Inhibition of IL-12 synthesis of peripheral blood mononuclear cells (PBMC) stimulated with a bacterial superantigen by pooled human immunoglobulin: implications for its effect on Kawasaki disease (KD)

Abstract

The aim of this study was to further assess the role of pooled human immunoglobulin (PHIG) on cytokine production from PBMC stimulated with a bacterial superantigen. Human PBMC were cultured with Streptococcus pyrogenic exotoxin A (SPE-A) with or without PHIG and several proinflammatory cytokine levels of culture supernatants were measured. Serum cytokine levels of KD patients before and after PHIG therapy were also examined. PHIG greatly reduced the production of IL-12, interferon-gamma (IFN-gamma) and other cytokines from SPE-A-stimulated PBMC, while exogenous IL-12, but neither IL-1 nor tumour necrosis factor-alpha (TNF-alpha), restored IFN-gamma production inhibited by PHIG. Although PHIG partially adsorbed SPE-A, its inhibitory effect on cytokine production was not played by anti-SPE-A antibody. Although purified CD4+ T cells cultured with human HLA-DR-transfected mouse L cells and SPE-A could not effectively produce IFN-gamma, they produced large amounts of IFN-gamma if exogenous IL-12 was introduced. KD patients in the acute phase had higher levels of serum IFN-gamma than did controls and patients with bacterial infection. Although IL-12 levels of children with or without KD were not significantly different, IL-12 levels of children were much higher than those of adults. However, serum levels of IL-12 of KD patients were transiently but significantly decreased by PHIG therapy and IFN-gamma amounts subsequently reverted to basal levels thereafter. These findings indicate that PHIG inhibits IL-12 production of SPE-A-activated monocytes and thereby decreases IFN-gamma synthesis by T cells and suggest that inhibition of IL-12 and IFN-gamma production is an important part of the mechanisms underlying PHIG therapy on KD.

Fig. 1

Time course of IFN-γ and IL-12 production by PBMC stimulated with Streptococcus pyrogenic exotoxin A (SPE-A) and the inhibitory effect of pooled human immunoglobulin (PHIG).

Fig. 2

Inhibition by pooled human immunoglobulin (PHIG) of IL-12 p35 and p40 mRNA expression of PBMC stimulated with Streptococcus pyrogenic exotoxin A (SPE-A). PBMC were stimulated with SPE-A with or without PHIG for indicated periods and IL-12 p35 and p40 mRNA expression was examined by reverse transcriptase-polymerase chain reaction (RT-PCR).

Fig. 3

High performance liquid chromatography (HPLC) analysis of pooled human immunoglobulin (PHIG)-treated Streptococcus pyrogenic exotoxin A (SPE-A). SPE-A (100 ng/ml) was incubated with or without 5 mg/ml PHIG for 2 h.
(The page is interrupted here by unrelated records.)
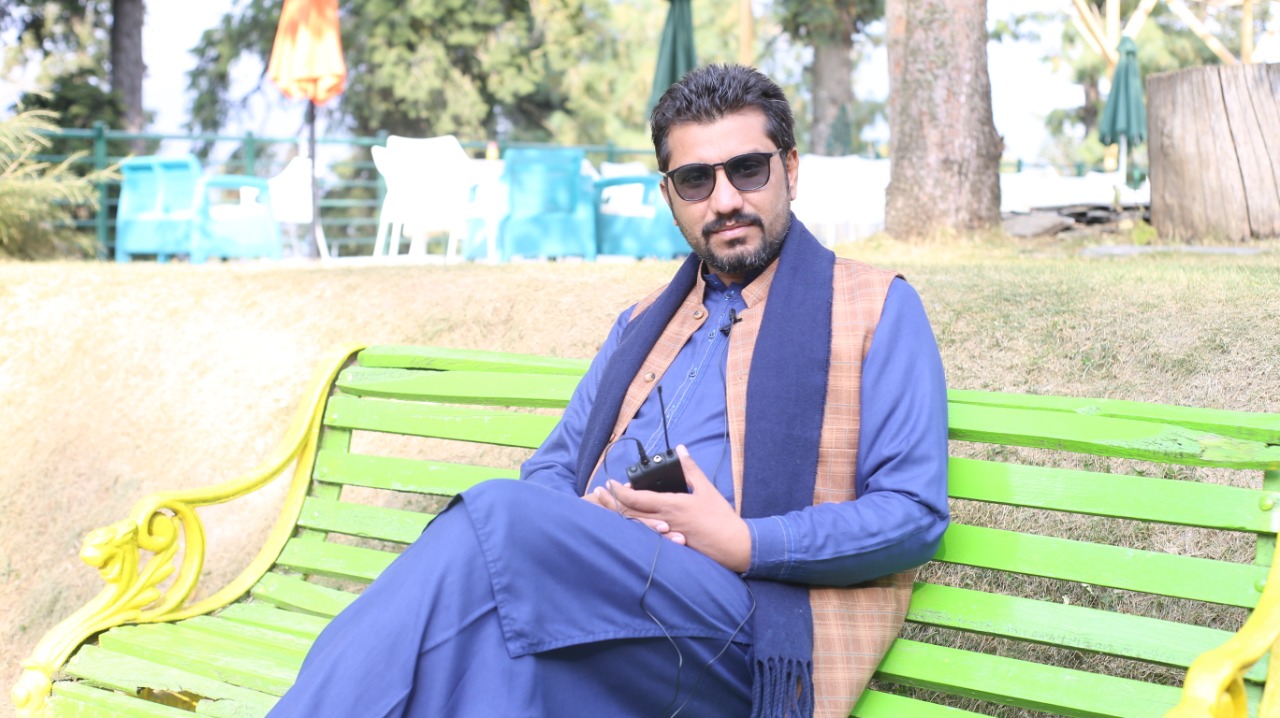Ejaz Saeed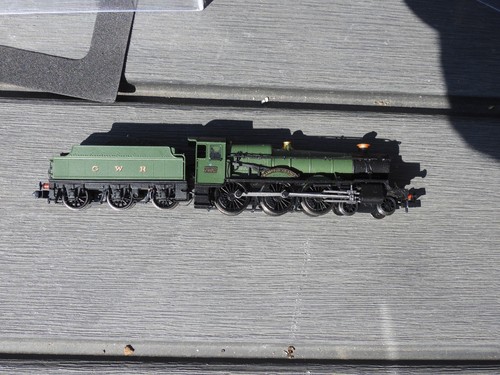 Dapol gauge train dcc fitted - dapol,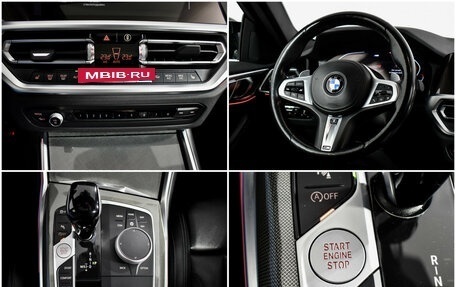 BMW 4 серия, 2021 год, 4 360 000 рублей, 21 фотография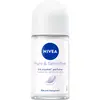 3x Nivea Deodorant Roller Sensitive & Pure 50 ml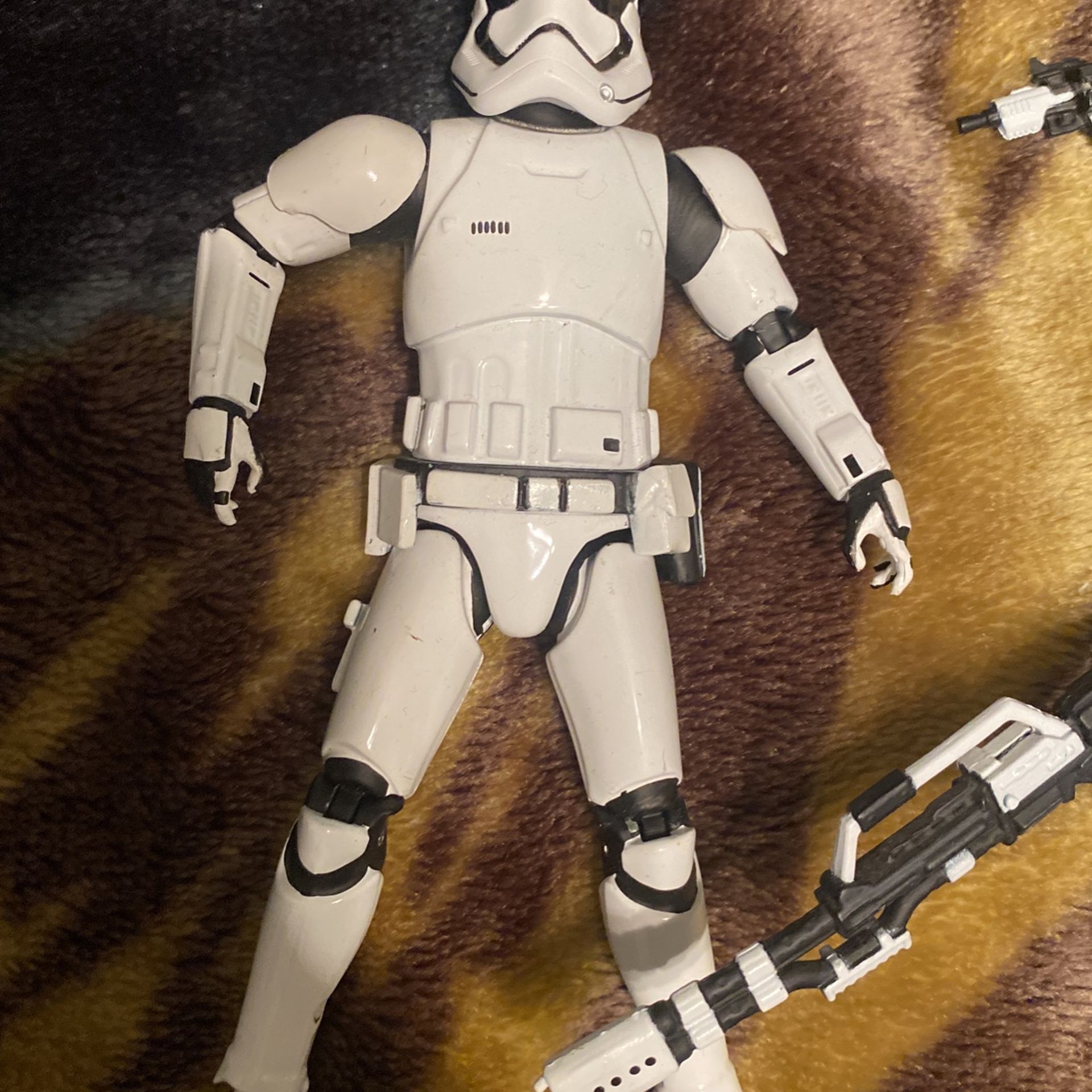 Star Wars Die Cast Storm Troopers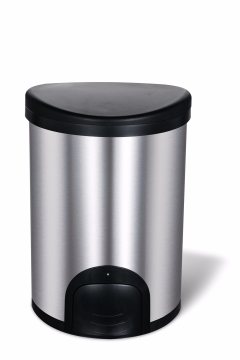 Manufacture Ninestars Touchless Indoor Stand Garbage Bin for Kitchen Bin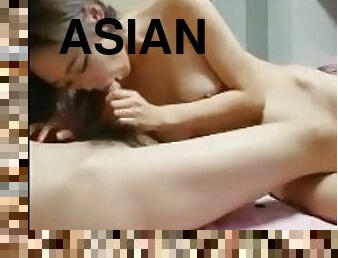 Asian webcam couple hot sex
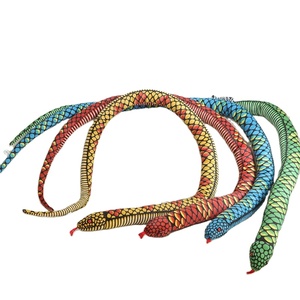 Esperienza elettrizzante! Simulazione Python serpente bambola, la scelta migliore per aggiungere eccitazione - Product Image 1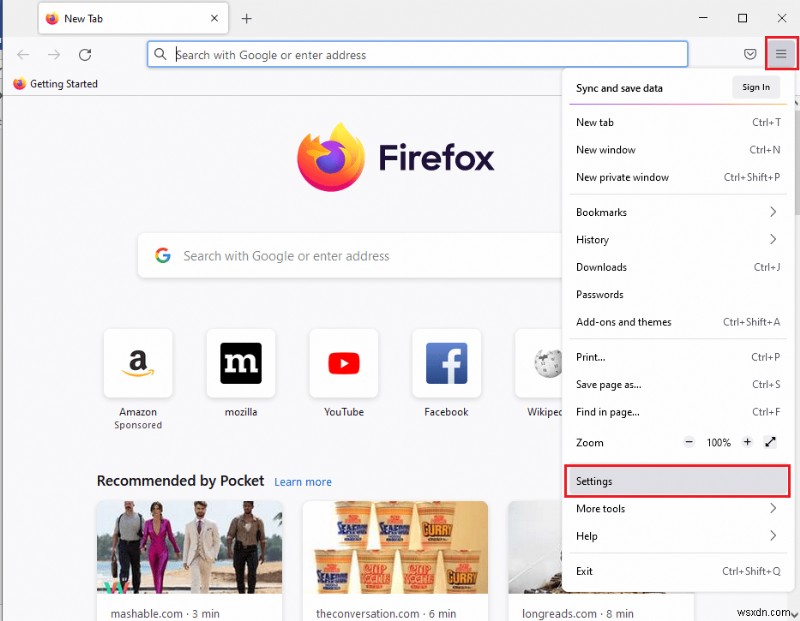 Mozilla Firefox Windows 10 এ XPCOM ত্রুটি লোড করতে পারেনি ঠিক করুন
Then, buffer-diluted SPE-A (a), SPE-A + PHIG (b) and PHIG (c) were subjected to a gel permeation HPLC and areas of SPE-A and PHIG peaks were compared.

Fig. 4

The effect of exogenous IL-12 on pooled human immunoglobulin (PHIG)-reduced cytokine synthesis of PBMC stimulated with Streptococcus pyrogenic exotoxin A (SPE-A).

Fig. 5

Requirement of exogenous IL-12 for effective IFN-γ production from CD4⁺ T cells cultured with L cells and stimulated with Streptococcus pyrogenic exotoxin A (SPE-A). HLA-DR⁻ CD4⁺ T cells were purified by sorting and cultured with mitomicin C-treated L cells and SPE-A, and culture supernatants at indicated periods were subjected to ELISA.

Fig. 6

(a) Serum cytokine levels in patients with acute phase of KD, age-matched patients with bacterial infection, age-matched healthy children, and healthy adults. (b) The effect of pooled human immunoglobulin (PHIG) therapy on serum cytokine levels of KD patients. Serum cytokine levels of KD patients were compared at the acute phase, just after PHIG therapy, and at the convalescent phase. NS, Not significant.